Set down, please, exactly the lines below that run from the line with "We indeed did" to the line with "necessidade social da", both lines included.

——————————

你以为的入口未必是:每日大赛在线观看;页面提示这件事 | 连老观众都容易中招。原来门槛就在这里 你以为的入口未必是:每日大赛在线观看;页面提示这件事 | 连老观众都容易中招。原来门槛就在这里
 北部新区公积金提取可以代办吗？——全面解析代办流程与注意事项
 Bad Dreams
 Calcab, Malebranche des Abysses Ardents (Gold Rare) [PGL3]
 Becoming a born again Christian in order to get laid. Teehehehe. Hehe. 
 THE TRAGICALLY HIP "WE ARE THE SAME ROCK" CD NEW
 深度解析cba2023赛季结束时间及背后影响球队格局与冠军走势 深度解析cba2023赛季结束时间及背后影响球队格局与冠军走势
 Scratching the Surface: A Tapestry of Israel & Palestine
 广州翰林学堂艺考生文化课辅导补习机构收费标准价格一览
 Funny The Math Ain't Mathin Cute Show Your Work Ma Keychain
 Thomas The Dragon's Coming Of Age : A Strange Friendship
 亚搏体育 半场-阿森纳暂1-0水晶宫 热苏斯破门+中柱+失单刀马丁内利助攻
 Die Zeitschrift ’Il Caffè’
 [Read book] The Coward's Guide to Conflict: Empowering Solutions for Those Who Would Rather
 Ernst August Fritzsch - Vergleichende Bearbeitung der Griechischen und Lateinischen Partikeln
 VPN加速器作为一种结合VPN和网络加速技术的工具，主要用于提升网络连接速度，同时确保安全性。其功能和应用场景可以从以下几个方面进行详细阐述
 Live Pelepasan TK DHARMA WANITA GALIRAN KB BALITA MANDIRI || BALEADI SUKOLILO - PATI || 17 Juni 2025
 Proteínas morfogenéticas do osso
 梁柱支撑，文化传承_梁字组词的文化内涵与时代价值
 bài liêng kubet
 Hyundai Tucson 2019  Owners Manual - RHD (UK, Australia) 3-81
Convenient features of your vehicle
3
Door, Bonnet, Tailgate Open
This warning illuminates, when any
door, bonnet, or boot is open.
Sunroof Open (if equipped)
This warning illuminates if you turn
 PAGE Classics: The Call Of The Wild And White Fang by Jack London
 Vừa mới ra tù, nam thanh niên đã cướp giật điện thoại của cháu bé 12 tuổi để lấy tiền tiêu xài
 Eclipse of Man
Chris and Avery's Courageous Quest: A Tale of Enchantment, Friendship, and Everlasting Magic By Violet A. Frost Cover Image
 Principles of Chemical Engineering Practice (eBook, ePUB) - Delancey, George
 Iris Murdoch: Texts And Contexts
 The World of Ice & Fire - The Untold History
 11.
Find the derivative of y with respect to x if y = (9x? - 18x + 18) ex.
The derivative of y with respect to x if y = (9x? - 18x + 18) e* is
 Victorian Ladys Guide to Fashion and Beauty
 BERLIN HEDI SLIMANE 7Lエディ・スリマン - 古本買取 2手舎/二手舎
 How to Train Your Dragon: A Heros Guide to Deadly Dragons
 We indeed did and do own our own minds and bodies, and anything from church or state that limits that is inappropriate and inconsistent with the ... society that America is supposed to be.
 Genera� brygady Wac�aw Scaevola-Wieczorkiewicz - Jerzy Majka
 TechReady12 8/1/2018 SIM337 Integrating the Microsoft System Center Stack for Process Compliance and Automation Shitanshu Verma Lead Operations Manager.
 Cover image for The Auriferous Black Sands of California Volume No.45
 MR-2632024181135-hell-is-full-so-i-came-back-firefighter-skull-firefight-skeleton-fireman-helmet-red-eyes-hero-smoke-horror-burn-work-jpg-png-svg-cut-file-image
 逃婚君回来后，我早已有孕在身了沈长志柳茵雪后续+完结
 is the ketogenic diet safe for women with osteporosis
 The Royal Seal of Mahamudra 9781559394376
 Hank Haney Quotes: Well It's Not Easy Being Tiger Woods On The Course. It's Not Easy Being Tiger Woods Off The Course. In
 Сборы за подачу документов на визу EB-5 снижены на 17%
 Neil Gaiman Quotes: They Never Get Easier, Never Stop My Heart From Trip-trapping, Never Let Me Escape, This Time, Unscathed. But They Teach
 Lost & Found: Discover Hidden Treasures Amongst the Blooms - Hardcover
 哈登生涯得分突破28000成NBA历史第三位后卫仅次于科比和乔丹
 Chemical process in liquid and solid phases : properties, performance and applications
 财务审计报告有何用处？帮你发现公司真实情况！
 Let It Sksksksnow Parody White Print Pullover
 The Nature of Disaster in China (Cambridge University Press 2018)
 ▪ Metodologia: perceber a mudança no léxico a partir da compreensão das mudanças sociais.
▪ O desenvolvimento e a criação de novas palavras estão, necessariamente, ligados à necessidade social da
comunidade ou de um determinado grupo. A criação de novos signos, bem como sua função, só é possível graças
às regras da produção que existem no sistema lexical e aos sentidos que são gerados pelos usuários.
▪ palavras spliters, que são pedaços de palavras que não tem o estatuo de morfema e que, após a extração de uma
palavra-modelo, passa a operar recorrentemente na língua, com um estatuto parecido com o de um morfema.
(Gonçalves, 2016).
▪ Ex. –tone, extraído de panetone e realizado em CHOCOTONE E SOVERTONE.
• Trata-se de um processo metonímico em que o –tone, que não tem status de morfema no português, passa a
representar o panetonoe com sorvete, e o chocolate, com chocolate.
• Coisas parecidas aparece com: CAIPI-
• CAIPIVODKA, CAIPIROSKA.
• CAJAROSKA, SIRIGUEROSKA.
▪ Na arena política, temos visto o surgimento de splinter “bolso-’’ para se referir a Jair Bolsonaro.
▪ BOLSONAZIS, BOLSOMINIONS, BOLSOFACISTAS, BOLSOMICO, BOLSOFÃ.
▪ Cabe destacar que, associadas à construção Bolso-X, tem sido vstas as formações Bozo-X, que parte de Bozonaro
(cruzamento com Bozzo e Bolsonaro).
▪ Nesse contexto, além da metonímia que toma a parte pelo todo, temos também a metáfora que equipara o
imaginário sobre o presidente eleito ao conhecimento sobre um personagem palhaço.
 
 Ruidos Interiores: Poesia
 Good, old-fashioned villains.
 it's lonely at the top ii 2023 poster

——————————

WRITTEN REPLY:
 We indeed did and do own our own minds and bodies, and anything from church or state that limits that is inappropriate and inconsistent with the ... society that America is supposed to be.
 Genera� brygady Wac�aw Scaevola-Wieczorkiewicz - Jerzy Majka
 TechReady12 8/1/2018 SIM337 Integrating the Microsoft System Center Stack for Process Compliance and Automation Shitanshu Verma Lead Operations Manager.
 Cover image for The Auriferous Black Sands of California Volume No.45
 MR-2632024181135-hell-is-full-so-i-came-back-firefighter-skull-firefight-skeleton-fireman-helmet-red-eyes-hero-smoke-horror-burn-work-jpg-png-svg-cut-file-image
 逃婚君回来后，我早已有孕在身了沈长志柳茵雪后续+完结
 is the ketogenic diet safe for women with osteporosis
 The Royal Seal of Mahamudra 9781559394376
 Hank Haney Quotes: Well It's Not Easy Being Tiger Woods On The Course. It's Not Easy Being Tiger Woods Off The Course. In
 Сборы за подачу документов на визу EB-5 снижены на 17%
 Neil Gaiman Quotes: They Never Get Easier, Never Stop My Heart From Trip-trapping, Never Let Me Escape, This Time, Unscathed. But They Teach
 Lost & Found: Discover Hidden Treasures Amongst the Blooms - Hardcover
 哈登生涯得分突破28000成NBA历史第三位后卫仅次于科比和乔丹
 Chemical process in liquid and solid phases : properties, performance and applications
 财务审计报告有何用处？帮你发现公司真实情况！
 Let It Sksksksnow Parody White Print Pullover
 The Nature of Disaster in China (Cambridge University Press 2018)
 ▪ Metodologia: perceber a mudança no léxico a partir da compreensão das mudanças sociais.
▪ O desenvolvimento e a criação de novas palavras estão, necessariamente, ligados à necessidade social da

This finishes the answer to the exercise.